Funding Transitional Grant Areas
Another area of disagreement among some lawmakers is over funding for “transitional grant areas.” When the bill was last reauthorized in 2006, Congress divided funding into two separate categories—Emerging Metropolitan Areas and Transitional Grant Areas. TGAs are jurisdictions with at least 1,000, but fewer than 2,000 cumulative AIDS cases, during the prior five calendar years.
Currently, there are 6 TGAs that potentially will lose their eligibility in fiscal year 2011 because they have decreasing numbers of AIDS cases. The draft bill would prevent their loss of eligibility by extending the TGA status for three years to all TGAs that previously received an award.
Some Republicans expressed concern about providing TGAs funding that do not meet eligibility. “There has always been this process that there is this 3-year grant period and then they would be re-evaluated. So, that doesn’t concern you that other areas may be underserved because you are going to allow these[6]TGAsto be grandfathered?”RepEdWhitfield, R-Texas, askedHRSAAdministrator Mary K Wakefield, PhD, RN, who testified before the subcommittee.

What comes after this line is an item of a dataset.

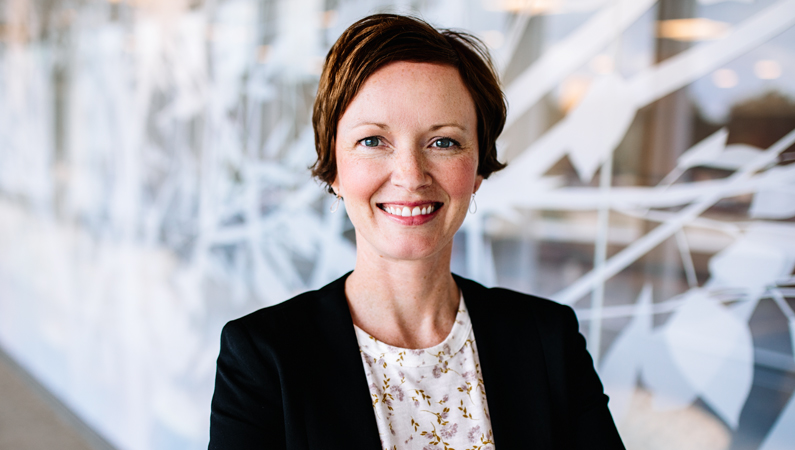 Woman smiling in front of a clear wall with tree decals.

Wakefield told the subcommittee that the administration supports the provision to extend TGA status. She said that a loss of funding for these areas could potentially result in “destabilization of HIV care delivery systems, significant reductions in essential services and neighboring jurisdictions being burdened with an influx of new or displaced patients from former TGAs.”
Hold Harmless
The 2006 reauthorization of the Ryan White program mandated that funding for states and local jurisdictions be determined by the number of people living with HIV and AIDS. Previously, funding was determined by estimating the number of people living with AIDS and did not account for HIV cases.
This new formula meant that some states would be eligible for more funding than they had been under the old formula, since HIVcases would now be taken into account. It also meant that some states with large urban areas that have grappled with AIDS would potentially lose some of their funding under the new formula. As a compromise, Congress included a “hold harmless” provision in the 2006 reauthorization that would prevent the new formula from significantly reducing the overall funding for states that might be lose funding under the new formula. The 2009 draft bill keeps this hold harmless provision.